I’ve been in the precious metals business for forty years and I have long had an interest in the Fed and central banking. I thought I’d heard all the conspiracies about the Fed, but until I read Hamrick’s piece I’d never heard the Fed is run by foreigners.
I’ve heard that the Fed is “controlled” by foreigners but not run by it. To assert that the Fed is run by foreigners is ridiculous because the people who run are the Fed are Americans nominated by the President and confirmed by the Senate, just as Janet Yellen was recently made Ben Bernanke’s successor and will take office February 1, 2014.
Take a look at the fourteen men (and soon to be one woman) who have chaired the Fed. With the exception of Arthur Burns, all were born in the United States. Burns was born in the Austro-Hungarian Empire and immigrated to the US with his parents when he was nine years old. His surname was Burnseig, but was “Anglicized,” as often happened after immigrants arrived in the US.
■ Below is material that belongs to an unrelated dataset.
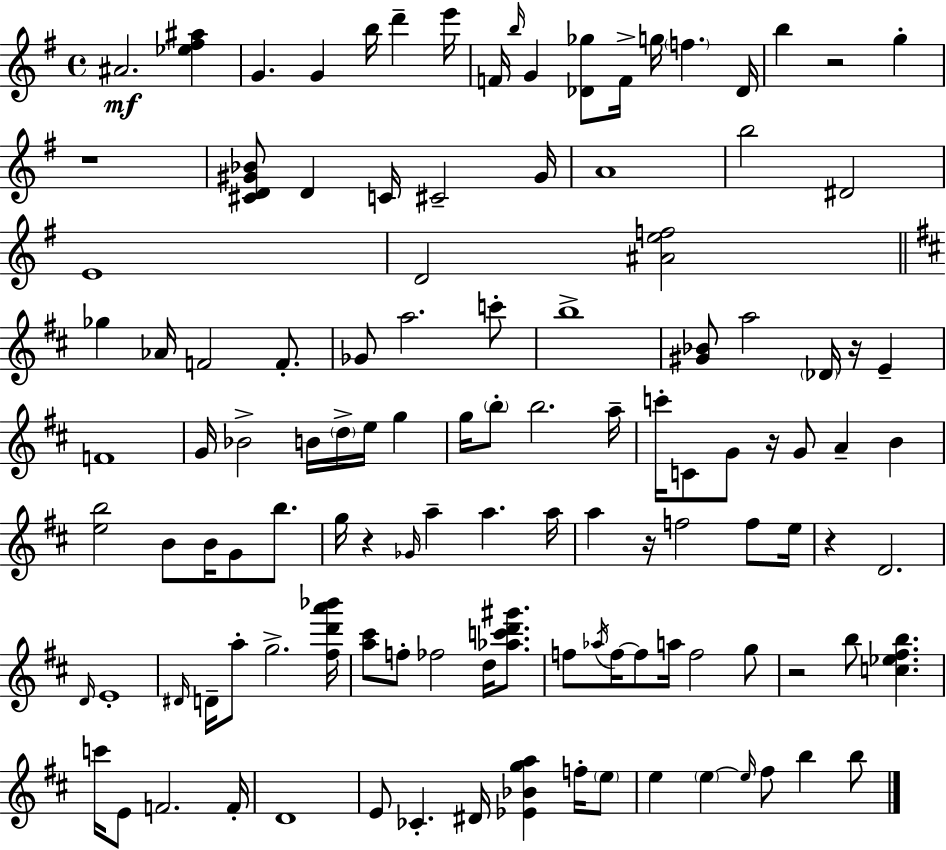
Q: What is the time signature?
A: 4/4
Last the year the Bank of England, the United Kingdom’s central bank and the world’s second oldest central bank, selected Mark Carney, a Canadian and former head of Canada’s central bank, as its governor, which is what the BoE calls its top man. Carney’s appointment was not questioned at any level, which goes to show just how accepted is the concept of central banking. Generally, though, you can count on persons selected to head central banks to be citizens of the countries in which those central banks are located.
Now, is the Fed “controlled by foreigners?” To borrow from Bill Clinton, it depends on what you mean by “controlled.” Stock in the Fed is owned by its member banks and no one–but no one–gets appointed to the Fed’s Board of Governors without being approved of by the banking industry. And, I don’t mean by the local one-office banks but by the megabanks, many of which were recipients of billions of dollars from the Fed during 2008 World Financial Crisis.
But, who “controls” the Fed? Persons friendly to the banking industry, nearly all of which have had financial ties with big banks. Who appoints those persons? The large shareholders who control the banks, many of which are foreigners who want their interests looked after.
The Fed controlled by foreigners? It probably more accurate to say the Fed is greatly influenced by foreigners because today the world’s megabanks are so interlocked through shared loans, loan guarantees, loans to foreign corporations and derivatives that they look like octopuses in a group hug.
This “myth” appears to have been conjured solely to make Fed critics look ridiculous. It fails.
It is an understatement to say that concept of central banking is flawed. Central banking is dangerous, which is why the Fed’s supporters, many of which are compensated by beneficiaries of central banking, will go to extremes to defend the Fed and to conceal what central banks really do, which, when exposed, reveals the dangers of central banking.